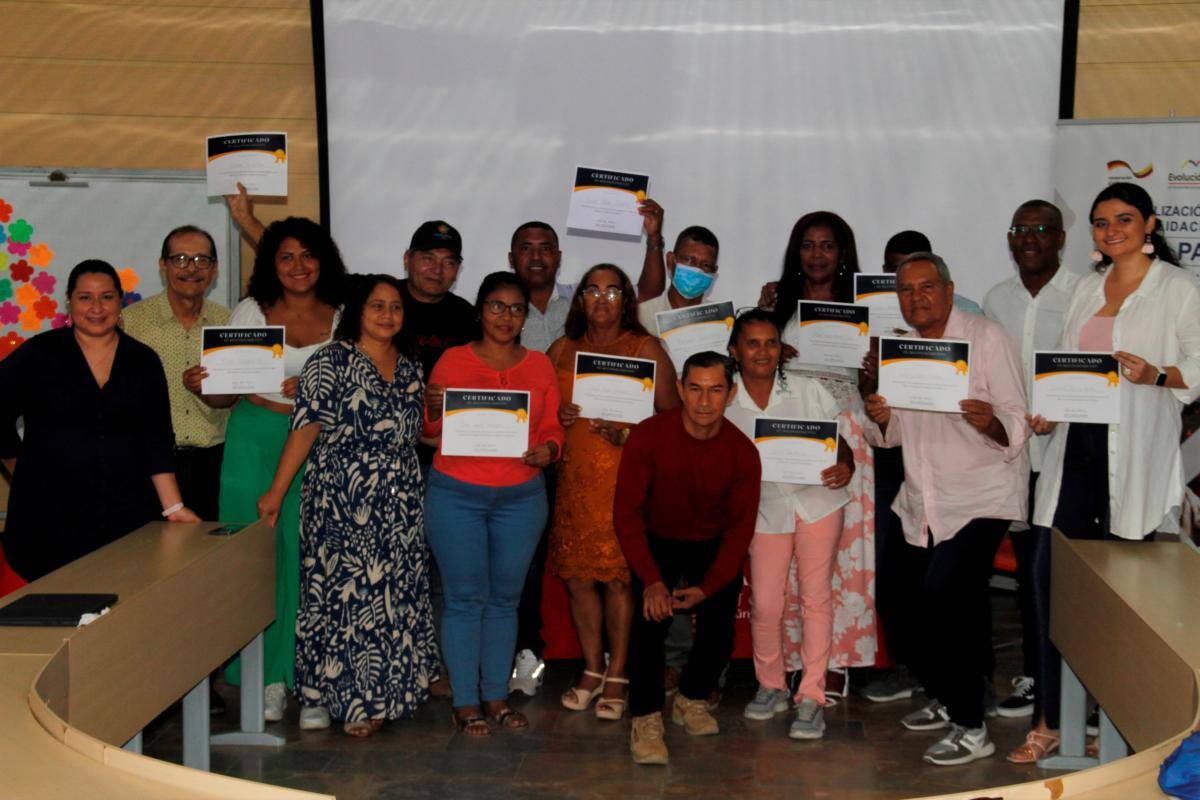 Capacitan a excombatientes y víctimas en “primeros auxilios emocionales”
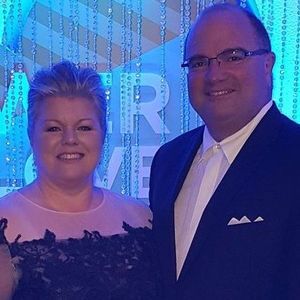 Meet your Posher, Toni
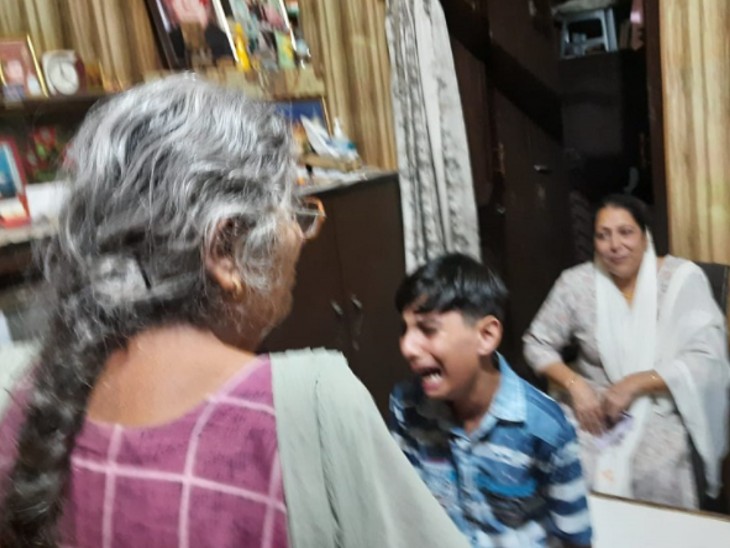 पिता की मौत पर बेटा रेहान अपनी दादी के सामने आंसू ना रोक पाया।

Activity> The entire listing above is to be copied exactly, with all pictures omitted.

Exercise solution>
 Capacitan a excombatientes y víctimas en “primeros auxilios emocionales”
 Meet your Posher, Toni
 पिता की मौत पर बेटा रेहान अपनी दादी के सामने आंसू ना रोक पाया।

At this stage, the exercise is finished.